Processing Aggregation Results in the Client-Side


#1

Hello,

ElasticSearch currently has known limitations when using and manipulating aggregations.
For example:

Pipeline aggregations are run during the reduce phase after all other aggregations have already completed. For this reason, they cannot be used for ordering.

It means that we can't order our aggregations by Bucket_Script_Aggregation, which is quite useful and powerful in any other BI engine (such as Create.io).

I want to know what are the best-practices for making such "processing" in the client-side. Would you make the processing in the browser itself (should I be afraid of "big" json responses)? Would you make a proxy server which makes the processing for the browser (although it might hurts the client flexibility)?


(Zachary Tong) #2

Not sure there is a good answer here.
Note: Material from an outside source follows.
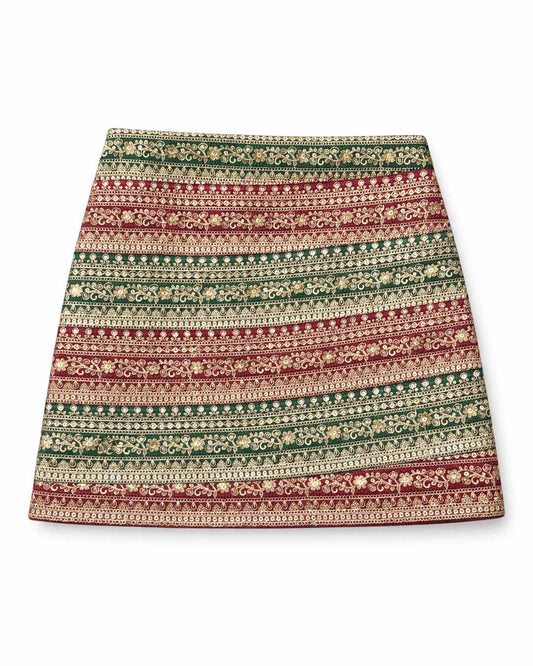 Red and Green Gota Skirt - Revisted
Probably depends on the quantity of processing required, how big the responses are and if the results need to be shared.

Browsers are surprisingly capable when it comes to crunching large amounts of JSON. I wrote the Search Profiler UI for xpack, and have used it before to crunch/display profile responses that are several megabytes in size. So browsers can definitely handle big payloads, especially if the processing is relatively straightforward like sorting.

But a dedicating "processor" might be a good idea too, because it would allow you to use a potentially more optimized language, cache results, etc.

As an aside, we may revisit pipelines at some point in the future. A lot of the technical limitations that were in place when they were first built have since been removed. So we may be able to open pipelines up a bit more to allow for things like sorting, global pathing, etc.


#3

@polyfractal, thanks for the information above!

For the record, our biggest query request about 20,000 buckets from terms aggregation, where each bucket has a sub-bucket containing a numeric aggregation such has value_count aggregation or sum aggregation. In addition, i'm making another request like this in parallel with different parameters (different date range for example).

By the way, i'm making only aggregations - so I always put size:0 to avoid retrieving hits / source. I believe the requests which return hits probably got bigger size. If you say that handling several megabytes size requests is fine, i'm good.

My initial plan was the make a proxy between the browser to ElasticSearch, that would handle the request for the client, and when the response arrives compress it (gzip) or even sort it for the client. What do you think?


(system) #5

This topic was automatically closed 28 days after the last reply. New replies are no longer allowed.